- [Records provided]
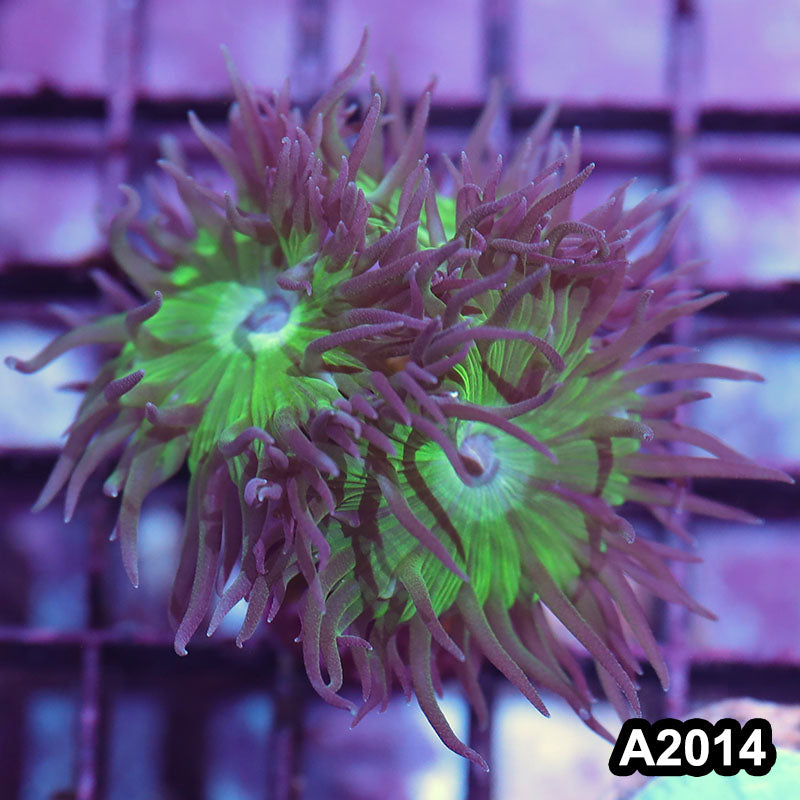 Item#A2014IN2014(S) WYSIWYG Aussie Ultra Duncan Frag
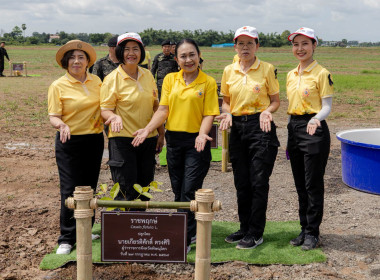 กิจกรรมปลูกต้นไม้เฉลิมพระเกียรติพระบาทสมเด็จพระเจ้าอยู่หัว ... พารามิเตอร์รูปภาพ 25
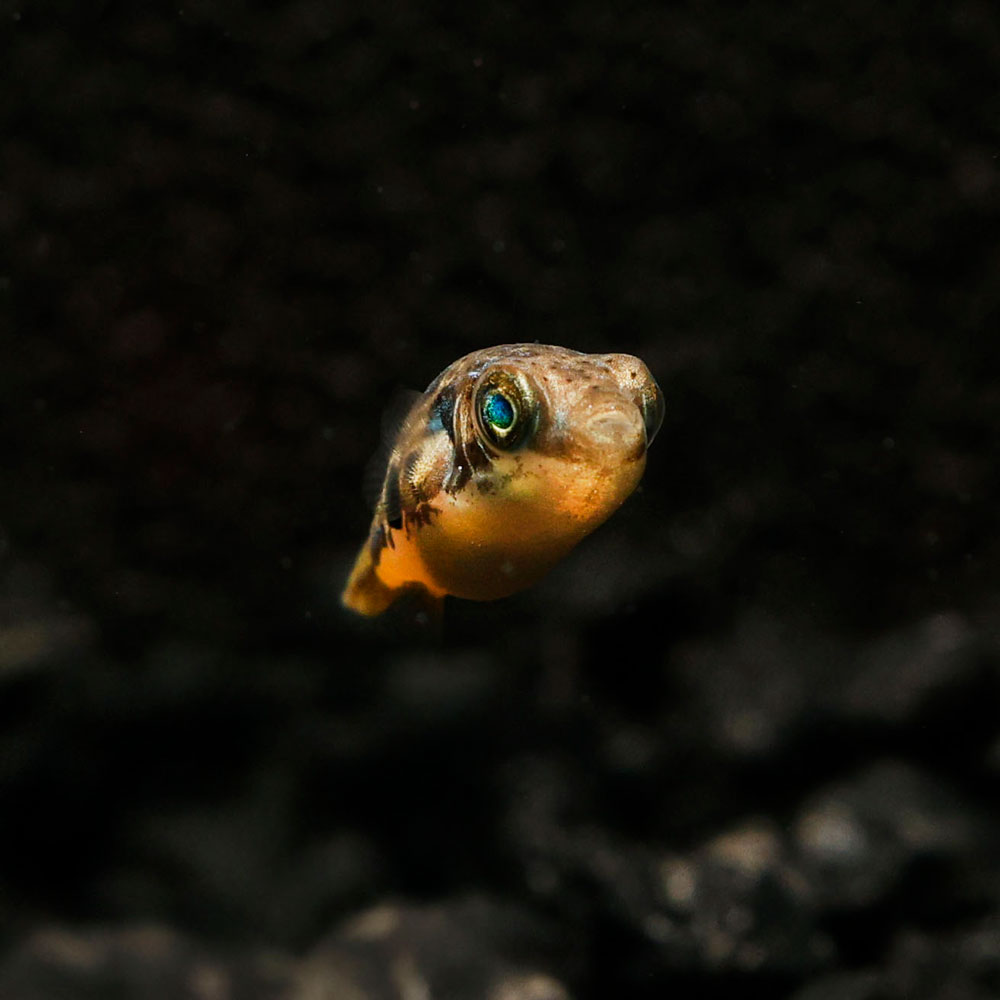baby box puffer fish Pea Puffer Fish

==

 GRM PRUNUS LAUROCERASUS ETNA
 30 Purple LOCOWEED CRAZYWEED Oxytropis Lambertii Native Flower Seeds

- [Exercise aim] Please reproduce, exactly as they appear above, the lines from the line containing "GRM PRUNUS LAUROCERASUS ETNA" up to and including the line containing "30 Purple LOCOWEED".

- [Reply]
 GRM PRUNUS LAUROCERASUS ETNA
 30 Purple LOCOWEED CRAZYWEED Oxytropis Lambertii Native Flower Seeds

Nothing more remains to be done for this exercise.